**Task objective:** Up to and including the line with "Detail view of", restate the records below word for word, beginning with their first line.

/---

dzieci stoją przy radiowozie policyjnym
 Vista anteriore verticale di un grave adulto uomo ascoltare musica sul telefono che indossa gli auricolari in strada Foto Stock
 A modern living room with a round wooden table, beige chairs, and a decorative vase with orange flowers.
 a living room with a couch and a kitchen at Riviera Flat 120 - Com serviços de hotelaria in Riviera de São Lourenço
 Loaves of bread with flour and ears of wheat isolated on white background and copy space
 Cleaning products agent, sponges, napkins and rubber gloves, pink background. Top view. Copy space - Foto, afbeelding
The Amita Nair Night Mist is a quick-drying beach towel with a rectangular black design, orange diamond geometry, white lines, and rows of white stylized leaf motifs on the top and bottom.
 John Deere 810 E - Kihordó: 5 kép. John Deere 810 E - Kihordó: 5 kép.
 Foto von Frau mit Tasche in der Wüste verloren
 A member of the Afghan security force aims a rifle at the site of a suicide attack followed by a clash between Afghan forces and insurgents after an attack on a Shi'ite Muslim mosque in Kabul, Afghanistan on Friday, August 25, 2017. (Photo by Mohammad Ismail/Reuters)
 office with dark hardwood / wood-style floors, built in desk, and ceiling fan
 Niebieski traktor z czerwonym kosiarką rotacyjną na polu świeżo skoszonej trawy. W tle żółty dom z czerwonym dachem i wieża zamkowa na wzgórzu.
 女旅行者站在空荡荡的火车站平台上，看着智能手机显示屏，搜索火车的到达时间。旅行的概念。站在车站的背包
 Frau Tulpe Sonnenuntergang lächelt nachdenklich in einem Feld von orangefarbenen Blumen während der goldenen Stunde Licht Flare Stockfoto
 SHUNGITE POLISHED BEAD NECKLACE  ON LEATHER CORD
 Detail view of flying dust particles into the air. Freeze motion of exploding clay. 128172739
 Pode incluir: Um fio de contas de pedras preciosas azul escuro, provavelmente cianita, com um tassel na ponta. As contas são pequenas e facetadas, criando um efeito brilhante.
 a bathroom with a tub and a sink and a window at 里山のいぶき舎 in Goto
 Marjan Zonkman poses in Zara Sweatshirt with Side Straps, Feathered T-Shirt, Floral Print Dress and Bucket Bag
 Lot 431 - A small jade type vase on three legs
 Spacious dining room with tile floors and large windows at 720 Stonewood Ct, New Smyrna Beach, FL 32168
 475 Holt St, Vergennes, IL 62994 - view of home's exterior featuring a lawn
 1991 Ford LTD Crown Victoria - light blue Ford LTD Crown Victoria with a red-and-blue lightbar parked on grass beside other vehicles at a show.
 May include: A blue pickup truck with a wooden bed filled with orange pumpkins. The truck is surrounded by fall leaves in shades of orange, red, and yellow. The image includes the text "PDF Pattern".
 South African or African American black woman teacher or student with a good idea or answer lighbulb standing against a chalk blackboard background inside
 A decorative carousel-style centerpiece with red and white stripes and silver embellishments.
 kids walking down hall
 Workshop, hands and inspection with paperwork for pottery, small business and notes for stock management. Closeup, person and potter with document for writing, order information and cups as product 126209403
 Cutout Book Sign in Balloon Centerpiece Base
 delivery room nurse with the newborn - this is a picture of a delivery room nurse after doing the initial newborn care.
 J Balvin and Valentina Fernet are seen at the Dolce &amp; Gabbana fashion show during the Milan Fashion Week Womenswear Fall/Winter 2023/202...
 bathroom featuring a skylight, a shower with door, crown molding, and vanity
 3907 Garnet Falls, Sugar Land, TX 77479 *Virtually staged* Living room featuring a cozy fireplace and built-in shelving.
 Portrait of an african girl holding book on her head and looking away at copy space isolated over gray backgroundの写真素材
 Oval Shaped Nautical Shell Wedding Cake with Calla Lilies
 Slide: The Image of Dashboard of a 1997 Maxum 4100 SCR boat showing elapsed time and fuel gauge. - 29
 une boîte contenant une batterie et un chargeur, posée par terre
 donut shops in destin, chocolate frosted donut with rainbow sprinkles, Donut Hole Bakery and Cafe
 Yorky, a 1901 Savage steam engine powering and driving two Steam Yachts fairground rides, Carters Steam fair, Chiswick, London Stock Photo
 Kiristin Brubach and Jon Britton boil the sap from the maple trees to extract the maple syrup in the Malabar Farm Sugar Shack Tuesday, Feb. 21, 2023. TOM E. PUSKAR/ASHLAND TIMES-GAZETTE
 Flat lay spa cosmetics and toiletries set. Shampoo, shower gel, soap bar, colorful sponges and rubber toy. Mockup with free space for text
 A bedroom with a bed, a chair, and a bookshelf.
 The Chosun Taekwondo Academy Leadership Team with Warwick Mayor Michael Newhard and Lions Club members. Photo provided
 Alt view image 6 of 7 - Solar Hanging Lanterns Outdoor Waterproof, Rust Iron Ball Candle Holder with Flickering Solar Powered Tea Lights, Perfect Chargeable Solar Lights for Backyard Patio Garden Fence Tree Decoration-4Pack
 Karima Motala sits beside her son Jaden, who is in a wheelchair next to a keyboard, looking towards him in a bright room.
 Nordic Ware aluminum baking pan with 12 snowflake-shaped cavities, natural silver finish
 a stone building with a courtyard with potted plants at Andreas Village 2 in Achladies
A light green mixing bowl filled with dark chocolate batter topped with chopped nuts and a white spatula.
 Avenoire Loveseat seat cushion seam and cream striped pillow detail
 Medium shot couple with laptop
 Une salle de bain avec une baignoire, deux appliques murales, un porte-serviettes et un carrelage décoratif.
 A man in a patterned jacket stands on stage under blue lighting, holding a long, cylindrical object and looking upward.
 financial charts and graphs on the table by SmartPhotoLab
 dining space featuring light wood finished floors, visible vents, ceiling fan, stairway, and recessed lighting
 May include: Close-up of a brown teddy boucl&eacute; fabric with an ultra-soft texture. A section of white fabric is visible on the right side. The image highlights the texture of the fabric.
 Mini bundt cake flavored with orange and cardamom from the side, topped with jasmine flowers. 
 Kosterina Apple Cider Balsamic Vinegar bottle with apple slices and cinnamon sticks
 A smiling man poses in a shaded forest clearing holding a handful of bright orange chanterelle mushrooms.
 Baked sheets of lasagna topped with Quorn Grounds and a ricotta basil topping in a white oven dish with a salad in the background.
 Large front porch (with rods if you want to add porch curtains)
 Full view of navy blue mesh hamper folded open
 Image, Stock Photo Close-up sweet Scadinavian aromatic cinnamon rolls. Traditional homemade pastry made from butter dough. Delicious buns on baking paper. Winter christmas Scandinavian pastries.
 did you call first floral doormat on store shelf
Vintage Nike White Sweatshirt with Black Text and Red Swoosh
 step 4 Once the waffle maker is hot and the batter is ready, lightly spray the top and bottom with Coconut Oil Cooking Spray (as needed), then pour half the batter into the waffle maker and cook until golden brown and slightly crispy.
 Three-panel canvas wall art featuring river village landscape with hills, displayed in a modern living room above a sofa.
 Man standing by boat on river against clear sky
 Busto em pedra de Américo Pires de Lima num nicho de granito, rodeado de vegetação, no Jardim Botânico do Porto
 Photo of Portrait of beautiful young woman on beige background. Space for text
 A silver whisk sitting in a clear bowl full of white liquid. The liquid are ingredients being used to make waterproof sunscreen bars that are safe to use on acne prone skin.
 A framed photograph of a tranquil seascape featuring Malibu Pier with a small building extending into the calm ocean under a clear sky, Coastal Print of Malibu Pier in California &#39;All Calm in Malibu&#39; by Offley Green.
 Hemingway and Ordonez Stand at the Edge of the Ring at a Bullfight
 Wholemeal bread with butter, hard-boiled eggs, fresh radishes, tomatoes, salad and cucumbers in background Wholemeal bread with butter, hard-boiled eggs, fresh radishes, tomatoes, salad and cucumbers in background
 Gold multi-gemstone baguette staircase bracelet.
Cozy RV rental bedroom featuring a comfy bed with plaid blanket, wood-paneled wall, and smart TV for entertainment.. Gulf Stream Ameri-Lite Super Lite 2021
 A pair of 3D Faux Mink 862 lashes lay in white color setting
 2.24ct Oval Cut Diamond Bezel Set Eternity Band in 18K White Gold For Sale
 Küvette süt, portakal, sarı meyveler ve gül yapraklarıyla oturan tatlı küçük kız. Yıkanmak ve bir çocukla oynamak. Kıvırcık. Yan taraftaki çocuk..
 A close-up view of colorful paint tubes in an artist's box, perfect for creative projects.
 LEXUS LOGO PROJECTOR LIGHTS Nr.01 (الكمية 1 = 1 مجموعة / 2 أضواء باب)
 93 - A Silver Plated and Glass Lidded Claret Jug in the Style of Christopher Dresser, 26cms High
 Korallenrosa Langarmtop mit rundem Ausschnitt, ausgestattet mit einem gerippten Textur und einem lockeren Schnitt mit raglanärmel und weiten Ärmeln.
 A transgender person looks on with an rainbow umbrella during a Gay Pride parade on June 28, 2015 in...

\---

**Answer box:**
dzieci stoją przy radiowozie policyjnym
 Vista anteriore verticale di un grave adulto uomo ascoltare musica sul telefono che indossa gli auricolari in strada Foto Stock
 A modern living room with a round wooden table, beige chairs, and a decorative vase with orange flowers.
 a living room with a couch and a kitchen at Riviera Flat 120 - Com serviços de hotelaria in Riviera de São Lourenço
 Loaves of bread with flour and ears of wheat isolated on white background and copy space
 Cleaning products agent, sponges, napkins and rubber gloves, pink background. Top view. Copy space - Foto, afbeelding
The Amita Nair Night Mist is a quick-drying beach towel with a rectangular black design, orange diamond geometry, white lines, and rows of white stylized leaf motifs on the top and bottom.
 John Deere 810 E - Kihordó: 5 kép. John Deere 810 E - Kihordó: 5 kép.
 Foto von Frau mit Tasche in der Wüste verloren
 A member of the Afghan security force aims a rifle at the site of a suicide attack followed by a clash between Afghan forces and insurgents after an attack on a Shi'ite Muslim mosque in Kabul, Afghanistan on Friday, August 25, 2017. (Photo by Mohammad Ismail/Reuters)
 office with dark hardwood / wood-style floors, built in desk, and ceiling fan
 Niebieski traktor z czerwonym kosiarką rotacyjną na polu świeżo skoszonej trawy. W tle żółty dom z czerwonym dachem i wieża zamkowa na wzgórzu.
 女旅行者站在空荡荡的火车站平台上，看着智能手机显示屏，搜索火车的到达时间。旅行的概念。站在车站的背包
 Frau Tulpe Sonnenuntergang lächelt nachdenklich in einem Feld von orangefarbenen Blumen während der goldenen Stunde Licht Flare Stockfoto
 SHUNGITE POLISHED BEAD NECKLACE  ON LEATHER CORD
 Detail view of flying dust particles into the air. Freeze motion of exploding clay. 128172739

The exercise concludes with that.